Rich Hall's Red Menace saw the American comedian look at how the Russians were portrayed in movies and popular culture during the Cold War. Then, for good measure, there was a series of documentaries about nuclear submarines, the various spying games that went on at the time and a brace of brilliant documentaries about the Berlin Wall.
Welcome to Cold War nostalgia, where we can all party like it's 1989.
Today marks the 30th anniversary of the start of the demolition of the Berlin Wall and while there are a smattering of shows, such as the ones mentioned above, I've been rather surprised by the lack of fuss over what was the greatest event in Europe since the end of World War II.
We often hear people say that we're currently living in an age of anxiety (well, I've often said it myself), but watching these shows was a visceral reminder of how we lived back then - when it came to The Bomb, it wasn't so much a case of anxiety as barely suppressed panic.

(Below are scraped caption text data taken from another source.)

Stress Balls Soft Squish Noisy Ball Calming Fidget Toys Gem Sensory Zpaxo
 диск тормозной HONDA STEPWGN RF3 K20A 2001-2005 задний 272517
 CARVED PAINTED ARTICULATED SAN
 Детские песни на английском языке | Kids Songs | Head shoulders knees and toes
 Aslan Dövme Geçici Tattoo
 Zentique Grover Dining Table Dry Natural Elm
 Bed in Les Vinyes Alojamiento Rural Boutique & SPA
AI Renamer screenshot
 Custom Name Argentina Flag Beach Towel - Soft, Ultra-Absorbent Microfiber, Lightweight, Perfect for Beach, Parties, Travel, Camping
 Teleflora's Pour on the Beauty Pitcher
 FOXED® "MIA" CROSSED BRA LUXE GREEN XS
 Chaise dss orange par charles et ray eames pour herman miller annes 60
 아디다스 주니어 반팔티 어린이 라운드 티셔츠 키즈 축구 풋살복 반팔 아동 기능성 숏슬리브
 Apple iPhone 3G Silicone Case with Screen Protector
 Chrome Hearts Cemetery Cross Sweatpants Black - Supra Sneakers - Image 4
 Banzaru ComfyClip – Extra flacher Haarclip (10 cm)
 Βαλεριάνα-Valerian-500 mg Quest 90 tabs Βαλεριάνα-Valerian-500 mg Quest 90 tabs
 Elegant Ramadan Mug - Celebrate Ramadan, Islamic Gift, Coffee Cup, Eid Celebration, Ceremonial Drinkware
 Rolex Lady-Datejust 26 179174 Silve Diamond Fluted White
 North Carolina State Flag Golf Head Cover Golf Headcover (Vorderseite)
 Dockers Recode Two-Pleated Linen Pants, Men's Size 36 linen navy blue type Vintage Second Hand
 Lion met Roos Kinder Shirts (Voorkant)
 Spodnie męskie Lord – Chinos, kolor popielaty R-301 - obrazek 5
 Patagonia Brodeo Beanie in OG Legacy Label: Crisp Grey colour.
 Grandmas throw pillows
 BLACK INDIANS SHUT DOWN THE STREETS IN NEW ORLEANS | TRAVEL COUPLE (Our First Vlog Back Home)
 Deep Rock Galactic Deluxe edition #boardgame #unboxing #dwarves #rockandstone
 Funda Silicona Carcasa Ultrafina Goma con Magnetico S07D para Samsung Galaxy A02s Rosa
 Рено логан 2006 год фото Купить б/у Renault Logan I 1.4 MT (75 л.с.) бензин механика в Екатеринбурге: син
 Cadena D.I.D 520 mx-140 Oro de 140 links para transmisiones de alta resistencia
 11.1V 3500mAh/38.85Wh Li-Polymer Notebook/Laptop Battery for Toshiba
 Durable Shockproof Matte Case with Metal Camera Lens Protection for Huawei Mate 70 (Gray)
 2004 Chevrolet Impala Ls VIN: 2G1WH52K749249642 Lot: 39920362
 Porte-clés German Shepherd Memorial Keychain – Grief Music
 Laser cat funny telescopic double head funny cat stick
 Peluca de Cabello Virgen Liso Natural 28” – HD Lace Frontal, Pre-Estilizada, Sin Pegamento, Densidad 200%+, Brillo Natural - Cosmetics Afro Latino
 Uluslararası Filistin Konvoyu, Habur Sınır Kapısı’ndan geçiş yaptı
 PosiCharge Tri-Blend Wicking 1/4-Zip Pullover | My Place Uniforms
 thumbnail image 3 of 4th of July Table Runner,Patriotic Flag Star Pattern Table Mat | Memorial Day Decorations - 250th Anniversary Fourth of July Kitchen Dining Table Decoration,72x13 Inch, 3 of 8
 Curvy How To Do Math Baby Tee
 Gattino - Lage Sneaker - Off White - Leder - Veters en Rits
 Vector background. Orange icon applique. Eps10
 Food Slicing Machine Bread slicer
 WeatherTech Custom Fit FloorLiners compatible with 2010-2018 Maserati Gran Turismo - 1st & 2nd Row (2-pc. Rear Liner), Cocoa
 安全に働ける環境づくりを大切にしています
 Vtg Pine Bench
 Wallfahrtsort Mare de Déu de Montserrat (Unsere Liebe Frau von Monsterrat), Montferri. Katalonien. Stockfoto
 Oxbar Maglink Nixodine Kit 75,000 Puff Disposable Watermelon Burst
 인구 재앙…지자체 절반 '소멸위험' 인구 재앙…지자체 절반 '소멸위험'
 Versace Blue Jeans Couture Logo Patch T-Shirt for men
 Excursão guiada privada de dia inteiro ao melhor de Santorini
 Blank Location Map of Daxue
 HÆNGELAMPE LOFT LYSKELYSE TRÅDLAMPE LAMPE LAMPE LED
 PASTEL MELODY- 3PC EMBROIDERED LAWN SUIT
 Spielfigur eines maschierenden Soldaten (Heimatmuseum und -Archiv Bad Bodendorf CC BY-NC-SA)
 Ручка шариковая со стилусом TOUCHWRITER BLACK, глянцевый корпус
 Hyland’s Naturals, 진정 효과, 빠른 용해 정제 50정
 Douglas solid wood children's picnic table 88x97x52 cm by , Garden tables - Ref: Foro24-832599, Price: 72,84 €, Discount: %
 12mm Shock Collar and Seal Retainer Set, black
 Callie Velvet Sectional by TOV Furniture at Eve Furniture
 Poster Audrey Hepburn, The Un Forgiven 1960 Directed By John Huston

Of course, to people who weren't born in 1989, the fall of the Wall and subsequent collapse of the entire Soviet Union must seem similar to how people my age viewed the Cuban missile crisis - a moderately diverting piece of history where nothing actually happened.
But many of us who became teenagers in the 1980s when the Cold War was at its height and nuclear hostilities could break out at any moment didn't just grow up in that decade, we were scarred by it as well.
That's why I have some sympathy for the grim, doom-laden visions of so many of today's more emotional, climate-obsessed teenagers - not necessarily because I share their apocalyptic feelings, but because Gen-Xers also know how it feels to be freaked out and helpless.
Like all self-respecting, serious young men, I was a member of CND but I reckon that was as much to do with the fact that their literature was more terrifying than most horror novels and who doesn't love giving themselves a scare? Particularly when that scare wasn't a killer clown coming after you at night, but a very real and very plausible possibility.
Prompted by these documentaries, I rooted out my old copy of the 1984 nuclear war classic, Threads. If you weren't around back then, and would like to get an insight into the fear and paranoia of the time, then you should check it out (it's available for free on the BFI website).
It was at the time, and remains to this day, the single most terrifying film I have ever seen.
In fact, rewatching it was like a flashback - but a flashback to a simpler time. Why do so many of us who grew up under the shadow of the bomb secretly miss those days? After all, the arms race was the climate change crisis of its era, except this particular threat would have changed the climate rather dramatically. Raising the temperatures by several millions degrees in a millisecond will do that.
It's not just nostalgia for the music or the fact that so many of us look back fondly on our teenage years. No, this sense of nostalgia runs deeper than that and it's because, even though we faced instant obliteration, people knew where they stood.
The world was a much more binary place - those of us in the West knew the Soviet Union and its vassal States formed an evil empire.
I learned that as a kid during my first foreign holiday to Ceaușescu's Romania (I'd a commie father, what can I say?).
You could see the fear in the locals' eyes and the way they constantly looked over their shoulders when they spoke to anyone from the West. That point was made starkly when we went to a bustling football stadium one Sunday afternoon hoping to see a match. There was no match - locals simply gathered there because there was less chance of them being overheard by the dreaded Securitate.
But the fall of the Berlin Wall seemed to signal the start of a bright new future and imbued young people with a sense of optimism which is simply not present in many of today's kids.
The changes were immense. All of a sudden it felt as if the world could let out a deep sigh of relief and breathe again. Countries which were once just a strange name on the map became more accessible.
The events of 30 years ago this week also kick started the greatest decade of the 20th Century - the 1990s.
The years between the fall of the Berlin Wall in 1989 and the September 11 attacks of 2001 saw an age of prosperity and safety (as long as you didn't live in the Balkans) that had never been experienced before and will never be experienced again.
There was a sense that having come close to complete global annihilation, everything was now going to improve and for a decade it did - then, as we now know, things just got worse again. So to the kids who can't sleep at night because they're worried about the climate? Well, you're not the first generation to lose sleep over events outside your control. Sorry if that's cold comfort, but it's a lot better than the possible outcomes from the Cold War.